#### Supplied data:

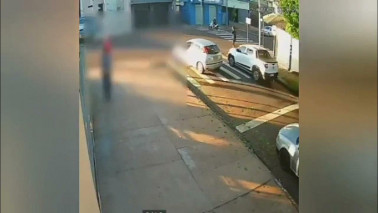 Câmera flagra momento em que pedestre é assassinado com tiros na cabeça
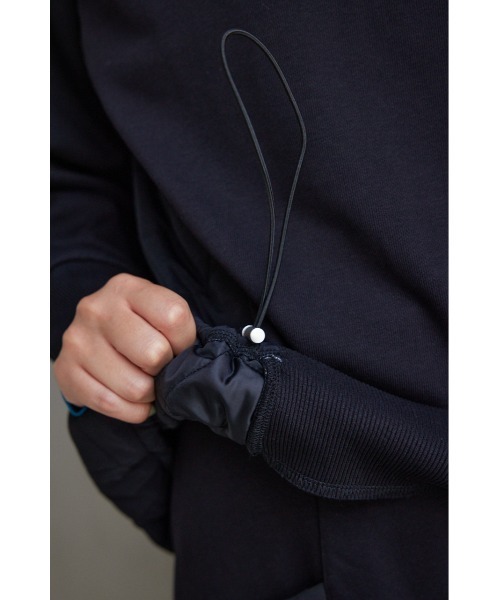 AZUL by moussy(アズールバイマウジー)の「キルティングデザインフーディー(パーカー・レディース・アイボリー/カーキ/ブラック・MEDIUM/SMALL)」の18枚目の写真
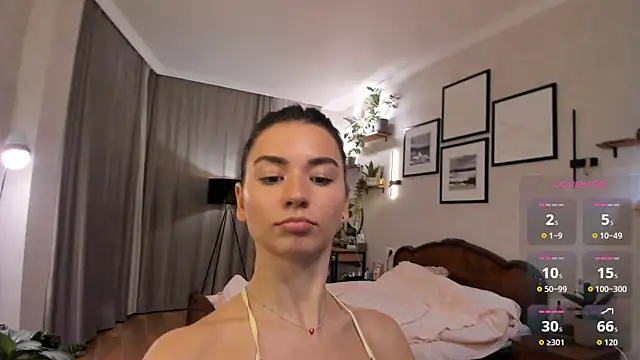 NicoleLuv Show in webcam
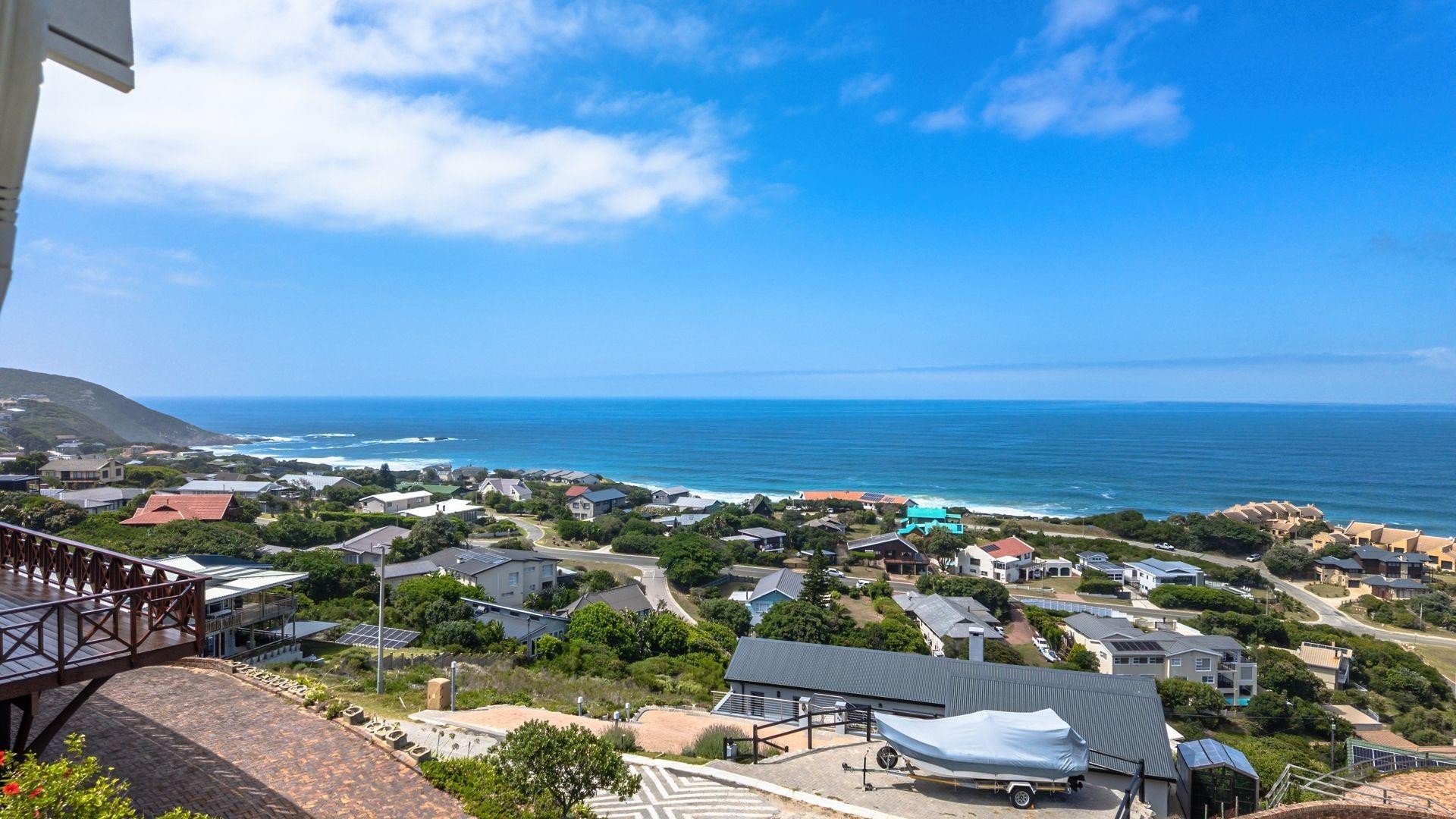 House for sale in Brenton On Sea, Knysna, 380 m²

#### Work required:
Give back the entire listing verbatim, without the pictures.

#### Written answer:
 Câmera flagra momento em que pedestre é assassinado com tiros na cabeça
 AZUL by moussy(アズールバイマウジー)の「キルティングデザインフーディー(パーカー・レディース・アイボリー/カーキ/ブラック・MEDIUM/SMALL)」の18枚目の写真
 NicoleLuv Show in webcam
 House for sale in Brenton On Sea, Knysna, 380 m²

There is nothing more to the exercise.